José María Sánchez García (born 11 March 1963 in Madrid) is a Spanish lawyer, jurist, professor and politician who is a member of the Vox party. Since 2019 he has been a deputy in the Congress of Deputies representing the Alicante constituency.

==Biography==
García was born in Madrid in 1963. He studied law degrees at the Collegio di Spagna campus for Spanish students affiliated to the University of Bologna and at the University of Toulouse in France. After graduating he worked as a partner at Baker McKenzie in the United States and then Olswang in London for a period. He was also a lawyer for the European Court of Justice and a high court judge in Spain but took leave of absence from the latter role after becoming a politician. García also teaches law at the University of Seville.

==Political career==
García stood as a candidate for Vox ahead of the November 2019 Spanish general election for the Alicante constituency and was elected as a deputy for the 14th Congress of Deputies. In the Congress, he sits on the committees for Justice, Constitution and Territorial policy. He has also been a member of the cross-party commission on the COVID-19 pandemic and vaccine rollout.
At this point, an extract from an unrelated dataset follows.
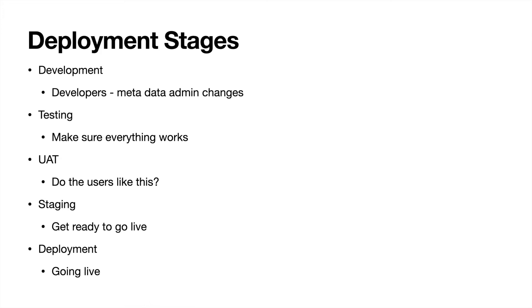So yeah, those are the deployment stages. Thanks for joining me. Be sure to like and subscribe and check out the course if you're working on your app builder exam. I'll catch you guys in the next one.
During his tenure in the Congress of Deputies, García has been accused of making controversial or insulting remarks about rival politicians. During a debate on the national budget in December 2020, he referred to People's Party deputy Ana Belén Vázquez as the "Galician screamer" during a dispute. In September 2021, he allegedly called Spanish Socialist Workers' Party politician Laura Berja a "witch" during her speech on a debate on whether to criminalize protests outside abortion clinics. In 2022, García compared Spanish Prime Minister Pedro Sánchez to Hitler and Minister of the Presidency Félix Bolaños to Goebbels. After being offered to withdraw the comments by the speaker of the Congress García refused.